☆幕末人と暮らす方法☆【完結】


[06]【第6話】社会進出





私の勝手に思い描いていた土方歳三像は、『クールで、遊びも仕事も器用にこなす、デキる男』というものだった。



しかし今私と暮らしている土方歳三は、私無しでは現代社会で生きていけないという情けない人である。



だがやはり長年想い続けて来た愛しの彼だ。

少々この程度のダメっぷりを見たくらいでは、私の情熱が冷めることはない。


トイレの水が渦を巻く様をワクワクしながら眺めていようとも、

テレビのリモコン操作がどの距離まで耐えうるかを実験していようとも、

肉マンを買いに行くのが日課であろうとも、


私は彼が愛しくて仕方ないのである。



しかし悲しいかな、彼には私に対する恋愛感情というものは微塵も感じられない。



このまま彼は私と共に暮らし続け、二人の感情に温度差を生じさせたまま時が過ぎ、[同居人]以上でも以下でもないまま人生を添い遂げるのだろうか。



あるいはこの世界で暮らして行けるよう私が訓練したのち、別のパートナーを見つけて旅立つのかもしれない。



そんな事をボンヤリ考えていると、彼が言った。



「さっき[てれび]が言っていたのだが、

今の俺は、[にーと]と言うそうだな。」



ふとテレビに目をやると、どっかのエライ方々が[就職しない若者達]と題して朝っぱらから議論を交わしていた。



「働かずに誰かに食わせてもらっている者の事を、[にーと]と言うのだろう?」



新しい言葉を覚え、嬉しそうに頬を染めて私に報告する彼に、私は言えなかった。



「あんたの場合、どっちかっつーとニートではなくヒモだよ」



などとは、口が裂けても言えなかった。



・―・―・―・―・―・



夕方、私が仕事を終えて帰宅すると、彼は待ってましたとばかりに玄関まで駆け寄って来た。



「やったぞ!

俺は[にーと]じゃなくなったぞ!!」



その手には、厳しい事で有名な近所の剣道教室のチラシが握られていた。



「さっき散歩に出たら、建物の中から竹刀の音が聞こえたので立ち寄ったのだ。

そこで師範と名乗る男が出て来て稽古をつけていたのだが、これが下手クソで下手クソで見ていられなくて。」



まさか…



「あまりに幼稚な立ち居振る舞いをするので、

『貴様それでも道場主か』

と一言言ってやったんだ。」



やっぱり。



「そうしたらそいつ、怒って

『一手お相手願う』

と乞うてきた。
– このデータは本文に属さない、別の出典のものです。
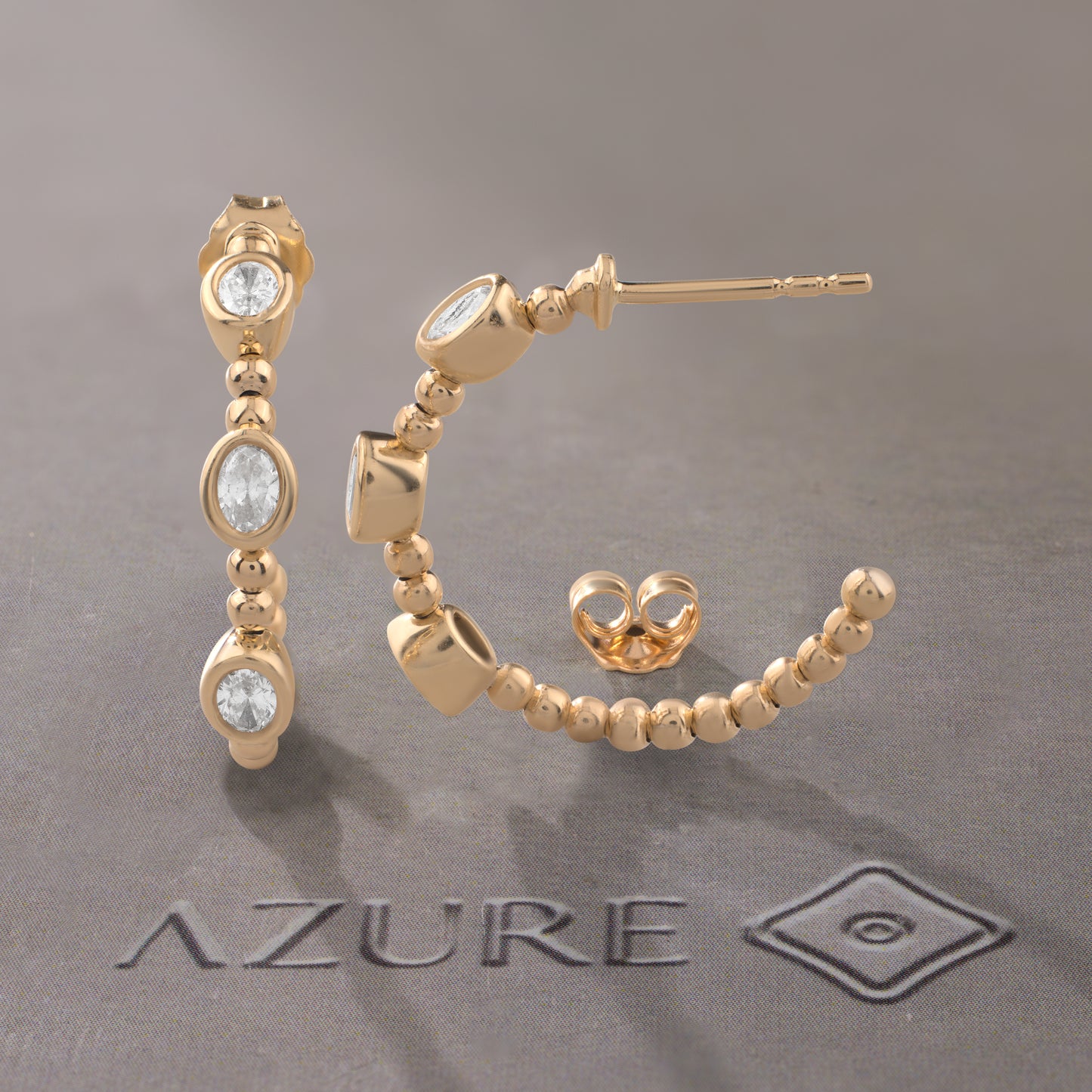 Beaded Oval Diamond Hoop Earrings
」



あ〜あ、やっちゃったよ。



「俺は防具無しで竹刀を握ったよ。

俺の修めた天然理心流は[剣を交えずして、気迫で倒す]という理念の流派だからな。」



『修めた』って言うけど、あなた師範どころか目録止まりでしょうが。



「しかしその道場主、頭に血が昇って相手の気などお構いなしに打ち込んで来るバカでな。
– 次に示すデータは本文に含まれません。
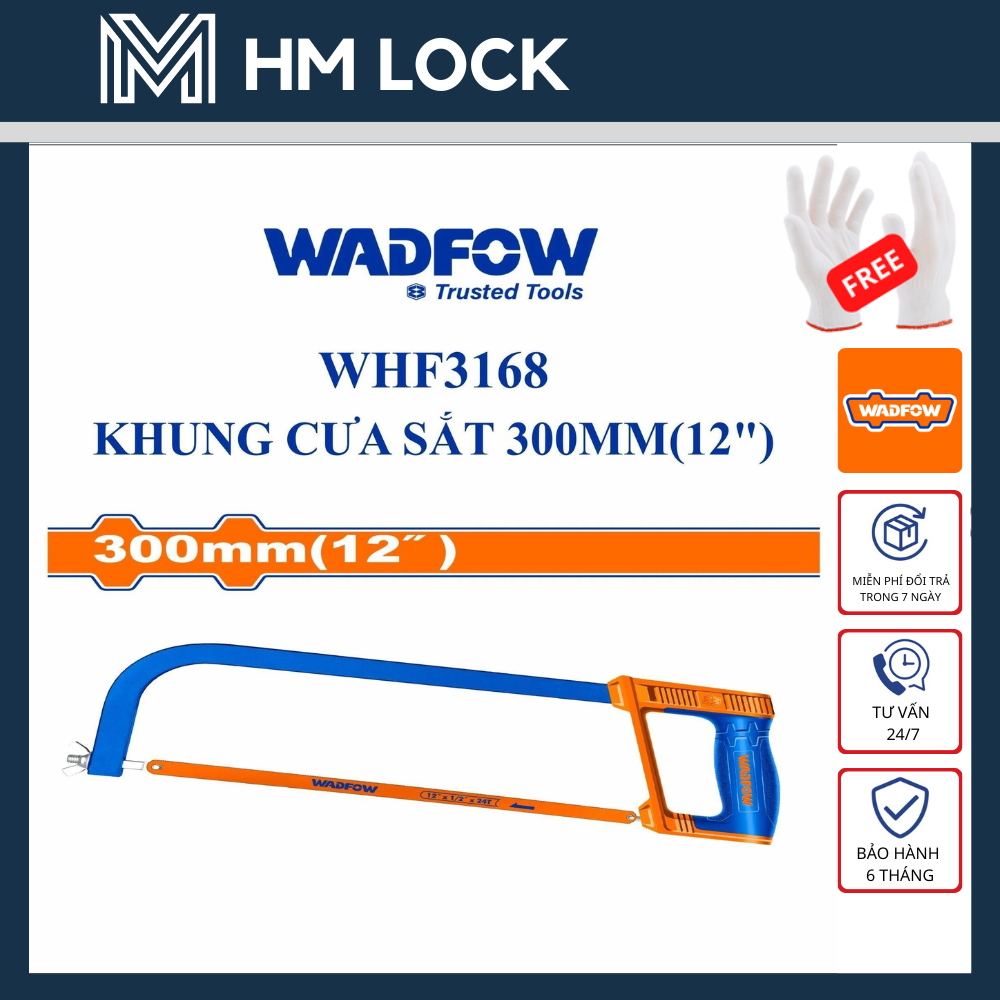 Khung cưa sắt 12 inch wadfow - hàng chính hãng - whf3168 - hm lock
結局デタラメに竹刀を振ってくるだけなのでアホらしくなって、一発面を入れて勝負を決めてやった。」



ほぉ、なるほど。
さすがにそこは新撰組副長のプライドで切り捨ててやったわけね。



「そうしたら、その道場主のさらに師匠である親父さんが俺を気に入ってな、

『君を正式に雇いたい。年明けから門徒の指導を手伝ってくれないか』

と言われたんだ!」



『雇いたい』!?

幕末人が現代に来て三日目でまさかの就職!

それも自分が得手とする剣の道で!!



「牡丹さん。

もう君に頼りきりの生活ではなくなるからな。

安心してくれ!」




…『頼りきりの生活ではなくなる』…


彼の社会進出は喜ばしい事だ。

しかし[私だけの土方歳三]だったはずの彼が、どんどんと現代に慣れ、私から巣立つ準備をしているようで切なくもある。